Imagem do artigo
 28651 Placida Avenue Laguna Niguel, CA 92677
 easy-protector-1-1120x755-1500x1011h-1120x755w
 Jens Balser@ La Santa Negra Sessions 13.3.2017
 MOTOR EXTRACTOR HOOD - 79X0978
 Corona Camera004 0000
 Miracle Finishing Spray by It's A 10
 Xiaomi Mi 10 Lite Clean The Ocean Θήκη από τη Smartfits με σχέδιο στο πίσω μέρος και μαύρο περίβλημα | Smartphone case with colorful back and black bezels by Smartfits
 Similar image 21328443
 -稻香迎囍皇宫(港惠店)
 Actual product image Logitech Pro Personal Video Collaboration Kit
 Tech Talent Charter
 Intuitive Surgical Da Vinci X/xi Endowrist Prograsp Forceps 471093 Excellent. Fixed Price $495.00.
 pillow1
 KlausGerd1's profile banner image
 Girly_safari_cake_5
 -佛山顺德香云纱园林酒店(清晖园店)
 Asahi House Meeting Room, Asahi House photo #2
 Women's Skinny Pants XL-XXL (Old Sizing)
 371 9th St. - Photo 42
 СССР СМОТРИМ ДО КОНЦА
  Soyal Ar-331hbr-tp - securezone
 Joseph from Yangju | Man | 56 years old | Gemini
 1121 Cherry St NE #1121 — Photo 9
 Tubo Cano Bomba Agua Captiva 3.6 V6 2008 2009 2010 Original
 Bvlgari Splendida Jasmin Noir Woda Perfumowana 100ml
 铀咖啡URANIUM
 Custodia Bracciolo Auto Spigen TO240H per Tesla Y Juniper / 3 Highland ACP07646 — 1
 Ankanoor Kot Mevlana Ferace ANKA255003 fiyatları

YOUR OBJECTIVE> Make an exact transcription of all the records.

TASK ANSWER>
Imagem do artigo
 28651 Placida Avenue Laguna Niguel, CA 92677
 easy-protector-1-1120x755-1500x1011h-1120x755w
 Jens Balser@ La Santa Negra Sessions 13.3.2017
 MOTOR EXTRACTOR HOOD - 79X0978
 Corona Camera004 0000
 Miracle Finishing Spray by It's A 10
 Xiaomi Mi 10 Lite Clean The Ocean Θήκη από τη Smartfits με σχέδιο στο πίσω μέρος και μαύρο περίβλημα | Smartphone case with colorful back and black bezels by Smartfits
 Similar image 21328443
 -稻香迎囍皇宫(港惠店)
 Actual product image Logitech Pro Personal Video Collaboration Kit
 Tech Talent Charter
 Intuitive Surgical Da Vinci X/xi Endowrist Prograsp Forceps 471093 Excellent. Fixed Price $495.00.
 pillow1
 KlausGerd1's profile banner image
 Girly_safari_cake_5
 -佛山顺德香云纱园林酒店(清晖园店)
 Asahi House Meeting Room, Asahi House photo #2
 Women's Skinny Pants XL-XXL (Old Sizing)
 371 9th St. - Photo 42
 СССР СМОТРИМ ДО КОНЦА
  Soyal Ar-331hbr-tp - securezone
 Joseph from Yangju | Man | 56 years old | Gemini
 1121 Cherry St NE #1121 — Photo 9
 Tubo Cano Bomba Agua Captiva 3.6 V6 2008 2009 2010 Original
 Bvlgari Splendida Jasmin Noir Woda Perfumowana 100ml
 铀咖啡URANIUM
 Custodia Bracciolo Auto Spigen TO240H per Tesla Y Juniper / 3 Highland ACP07646 — 1
 Ankanoor Kot Mevlana Ferace ANKA255003 fiyatları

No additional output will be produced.